Abstract

Environmental and individual factors are regarded as powerful predictors of math anxiety. However, their joint contribution to predicting math anxiety has not been thoroughly explored. To address this, two studies were conducted to examine how parental educational involvement and teacher support related to math evaluation anxiety and learning math anxiety concurrently (Study 1) and longitudinally (Study 2) and whether the effect of parental educational involvement and teacher support on math anxiety needed to go through math learning involvement. Third-grade students (Study 1: N = 1780, Study 2: N = 1850) from three public elementary schools participated in the studies.

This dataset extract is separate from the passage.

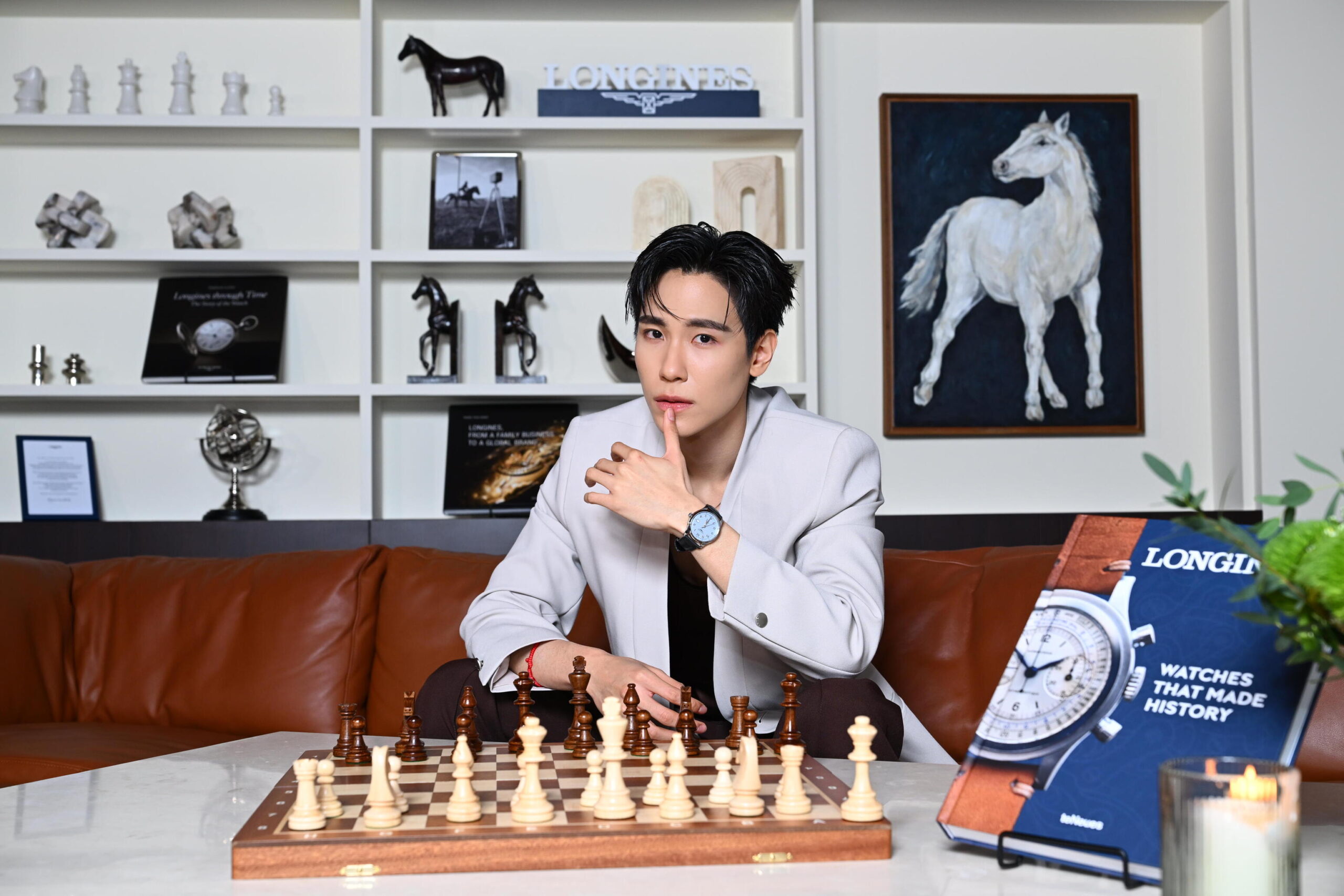 จูเนียร์ ปณชัย ศรีอาริยะรุ่งเรือง 2 scaled Friend of Longines มาริโอ้ - เก้า นำทีม จูเนียร์ - ต้าห์อู๋ ร่วมงานเปิดตัว “The Longines Master Collection”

Concurrent analyses revealed that higher parental educational involvement and teacher support were associated with higher math learning involvement and lower math anxiety. Moreover, math learning involvement partially mediated the relation between parental educational involvement and math evaluation anxiety, teacher support and math evaluation anxiety, teacher support and learning math anxiety, but fully mediated the relation between parental educational involvement and learning math anxiety. Longitudinally, robust associations were found between current parental educational involvement, current teacher support, and subsequent learning math anxiety. But similar patterns did not emerge in math evaluation anxiety. Specifically, the direct effect of parental educational involvement and teacher support on math evaluation anxiety was not significant. These findings suggested the importance of taking into account the dimension of math anxiety when understanding the mechanisms of math anxiety from a dynamic developmental perspective. We demonstrate areas that need improvement and suggest possible future directions.